**Information provided:**
■ ■ ■
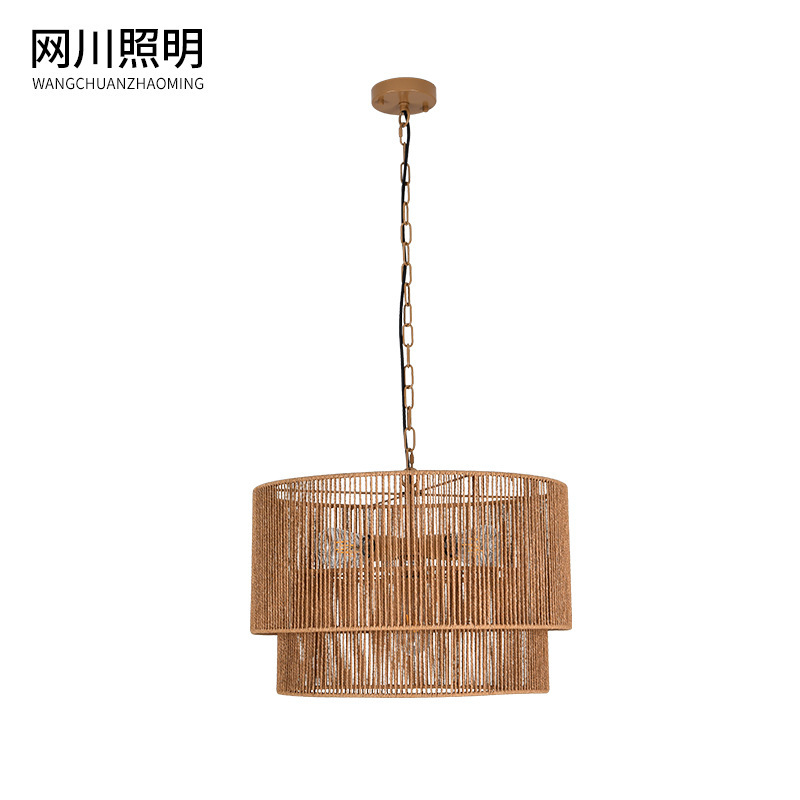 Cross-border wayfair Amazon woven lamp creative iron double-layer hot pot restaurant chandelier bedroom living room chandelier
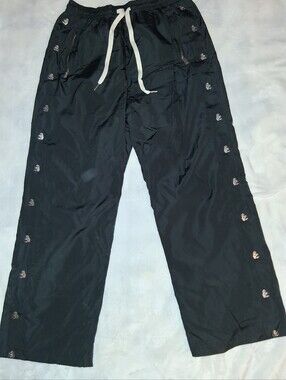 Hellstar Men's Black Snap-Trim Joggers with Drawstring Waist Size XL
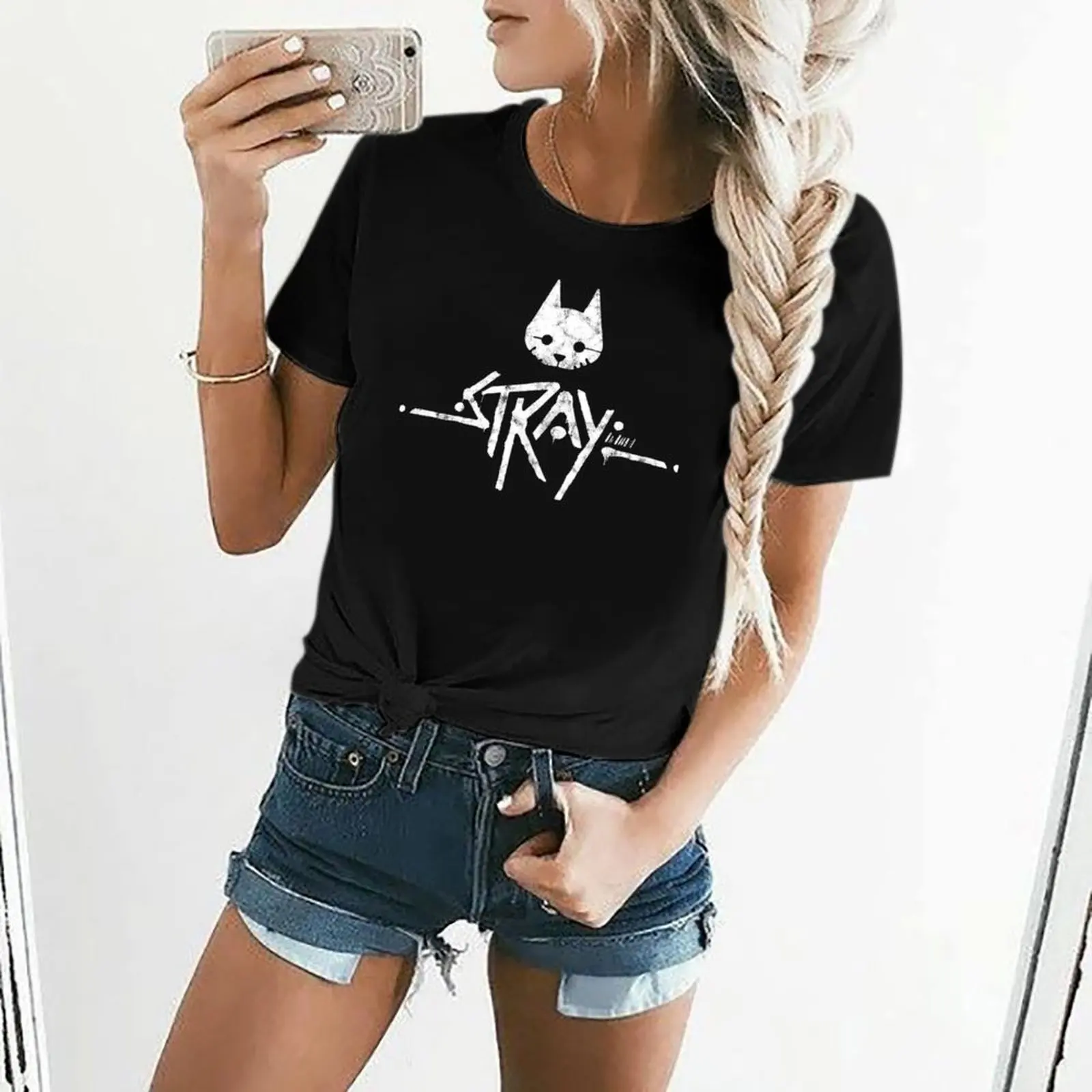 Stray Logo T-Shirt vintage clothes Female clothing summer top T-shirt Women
■ ■ ■
**Brief:** Copy the listing exactly but drop its images.

**Your response:**
 Cross-border wayfair Amazon woven lamp creative iron double-layer hot pot restaurant chandelier bedroom living room chandelier
 Hellstar Men's Black Snap-Trim Joggers with Drawstring Waist Size XL
 Stray Logo T-Shirt vintage clothes Female clothing summer top T-shirt Women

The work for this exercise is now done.